Friday, December 11, 2009

House Made of Glass

The one thing about all of these elements of communication now a days, is one's ability to scan photos and post them on an electronic medium of his or her choice. This rediculous program called Facebook is a perfect example of one such platform this can be done.

I have around one hundred and seventy friends on Facebook.

I think the essential idea of having a friend on Facebook is this: "Hey, at one point we knew each other. We may have even hung out and spent time together for a number of years. One day, we simply stopped calling. Now it's ten or more years later, I have found you, and it is of my general opinion that our friendship never ended. It was put on hold." I'm not sure how much further it might go than that, because I don't talk to the majority of my friends on Facebook. Yet when I go and look at some of the pictures that these people on my list have posted it amazes me how instantly I am brought back to the years in which I hung out with them.

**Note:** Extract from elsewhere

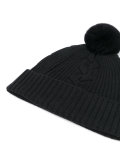 fur bobble hat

I don't really know what happened. I think it must have been me, because I see a lot of the great and trustworthy people I used to surround myself with in these photos still hanging out with the same people. Perhaps it was my self fish pursuits as a drug dealer, trying to fit in with the under world as it were. My goodness, it sounds pathetic doesn't it? I pushed them away from myself. I thought I was cooler, and probably even better than all of them.

I gander through a lot of photos from the past and present; of these people who I used to know so well, hang out with so much, be so close to. They're all still together, probably doing the same thing. I wonder if they ever think what I'm doing...I wonder if they ask themselves, "Whatever happened to that Nathan Hill guy?"

I miss those days. Not in a yearning for the past kind of way, because I am perfectly content with where and who I am these days. I don't feel that I "blew it" in anyway. But I miss the days when I was in a band, when I went to those classic highschool parties. I miss all of the people who I see on Facebook in those pictures, both old and new. It is very interesting. Touching, perhaps.

It's nothing I feel sad about. Don't get me wrong. I just think it's important to consider this when I look at someone's picture and realize that these folks were genuine. They were, and most likely still are, the Real Deal. I was not. I was genuine, then became a monster. I became an asshole. I became a House Made of Glass. It took me a lot longer to know who I really was. I still don't know who I really am, but I know where I really am. I know who I am with now.

I think if I were to get together with any of these folks who are on my Friends list on Facebook that I could probably pick up where we left off. That there was a connection there so many years ago that would enable a connection to this day. These are people who I would love to introduce my wife to, as they knew me when she did not. They could tell her things about me that I wouldn't even know where to begin telling.